Within the sphere of contemporary Faery artists and enthusiasts, author/illustrator Brian Froud is likely the most widely loved and recognized (as well as one who is the most typically ripped-off of by other budding Faery artists) , and while I also admire and appreciate his work, I have to admit that I respect the work of Alan Lee even more so. Lee is the co-author and illustrator of the book which very well may have brought both Froud and contemporary Faery art into its first wave of post-modern popularity, yet Lee, unfortunately, appears to be much more neglected by the contemporary Faery art crowd 2. In regards to skill and technical ability, he is an insanely talented watercolorist who can produce rich, textured work without resorting to hackneyed tricks with salt etc., but his depictions of faery subjects is also quite remarkable. Superficially, they seem quite human enough since they often do not possess those stereotypical features we have come to associate with Faery, yet they are decidedly not human. Perhaps their gaze seems more penetrating, their hands reveal a grace seldom present in mortals, their beauty is timeless and otherworldly unlike the fleetingly popular "it" models that are plastered on magazine covers, or maybe they are even ugly, yet that homeliness still has a strange, captivating quality — in other words, they possess that elusive taint of Faery. His work proves that those traits many assume are required of a faery subject are unnecessary. Even when we look towards the better-known Faery work of Froud, while we do find female human-like creatures with wings and flower-adorned hair, we also find a wide variety of other Faery expressions which do not fit in with the typical mold.

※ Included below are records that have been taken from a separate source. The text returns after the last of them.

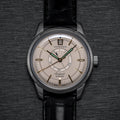 Conquest Heritage Central Power Reserve 38 mm - Champagne on Leather Strap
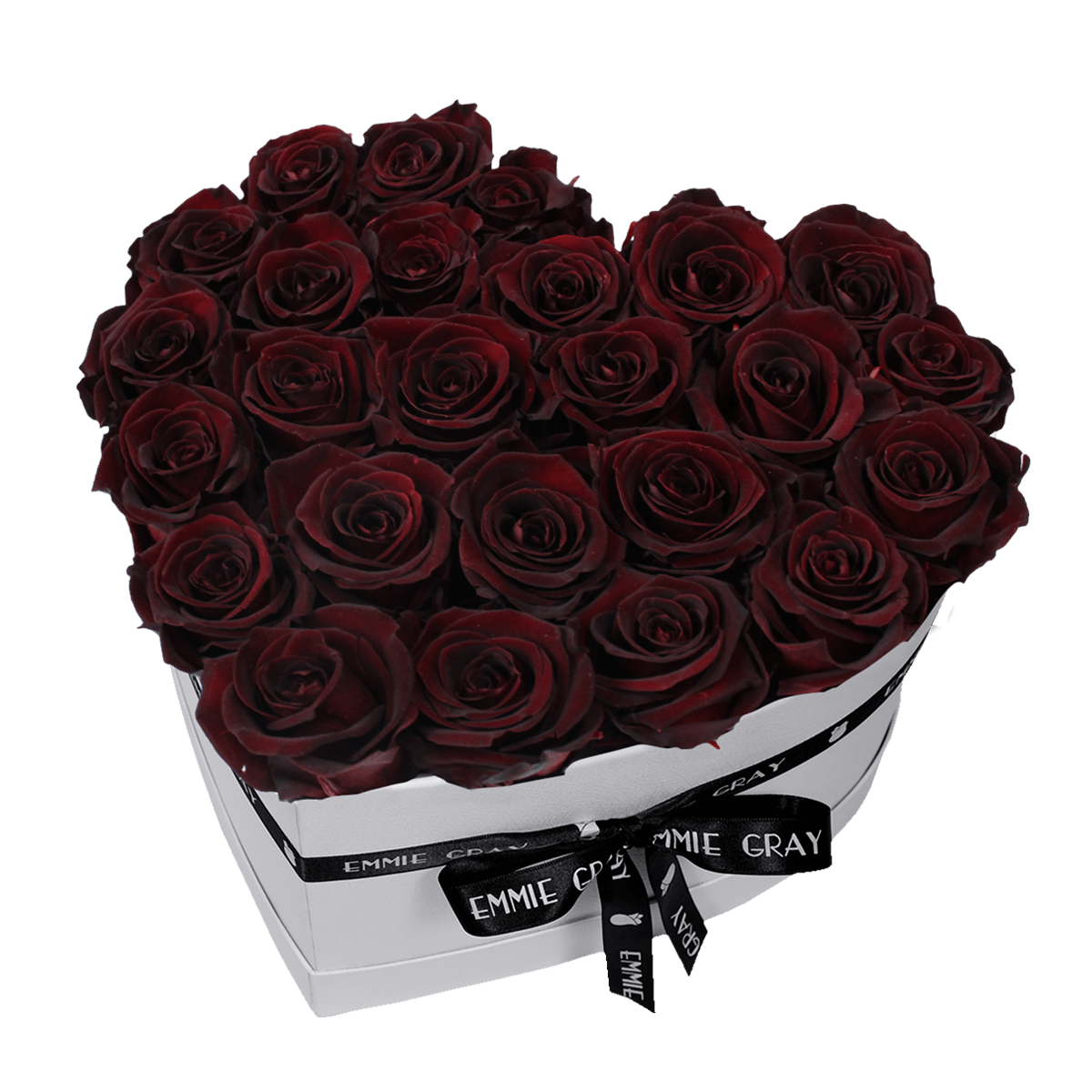 CLASSIC INFINITY ROSEBOX | BURGUNDY | L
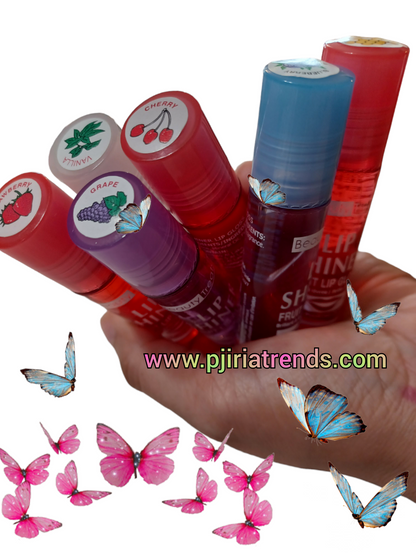Beauty Treat ROLL ON Lip Shiner Fruity Gloss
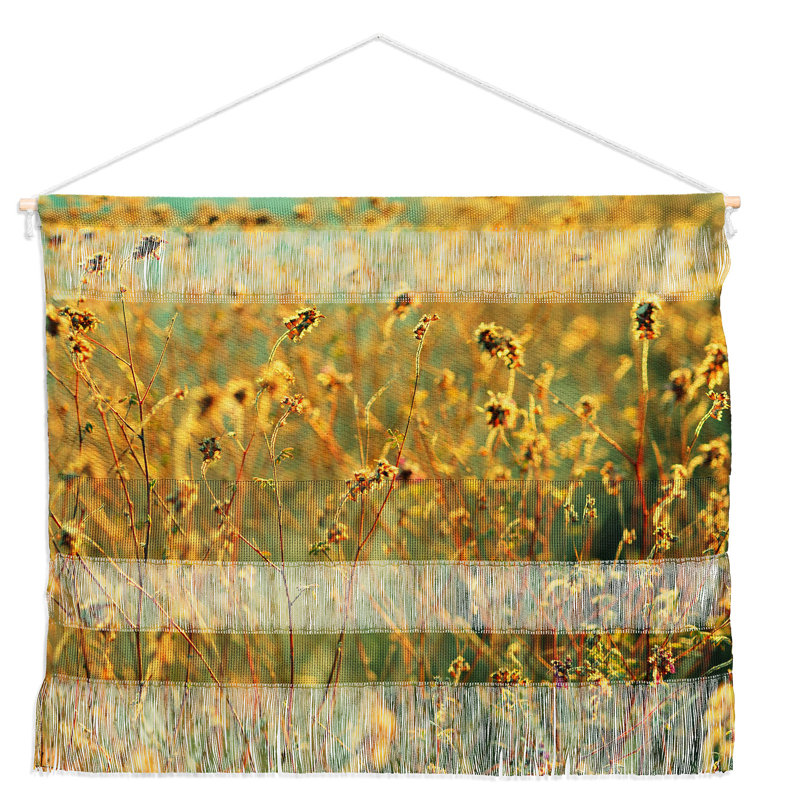 Suspension murale wanderlust vive par lisa argyropoulos, H 16 po x l 22 po x P 0,13 po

Embarking on an artistic endeavor with the intent and expectation to create a "picture of a faery" is about as futile as staring at a very restricted portion of the night sky in order to see a meteorite — the state of consciousness required to do both wisely and well is not one of strained perception or imposed concentration. I am convinced that, in my very own work at least, images which speak of a genuine connection with Faery cannot be produced on demand. One cannot command that muse just as one cannot command Nature to do one's bidding. This is one reason why I personally cast a certain amount of suspicion on those artists who crank out dozens upon dozens of fairy pictures at an alarming rate to brand on various products. Creating the more authentic work with which I am happy is deeply involved with developing receptivity as well as being intimately connected with my own spirituality.

I must be clear that I am speaking as an active student rather than as an ascended master. I am not a Faery expert (if such a thing can possibly exist) , and I'm certainly not claiming to be the best Faery artist out there. I am well aware that my work often contains flaws on a technical level, and I too am seeking to create more genuine work. Yet I do know that my work is improving and that as a result of sincere effort, my work, at least from my perspective, is much more genuine than it once was. I have grown closer to expressing that strange and wild cast of Faery, but I can draw closer still...

Footnotes and Bibliography
1) Peter London. Drawing Closer to Nature: Making Art in Dialogue with the Natural World. Boston, MA: Shambala Press, 2003. ISBN 1-57062-854-8. 149.
2) The second wave I would say is the more recent one which began in the mid- to late-90s and is led by people including Amy Brown, Jessica Galbreth, Nene Thomas, etc.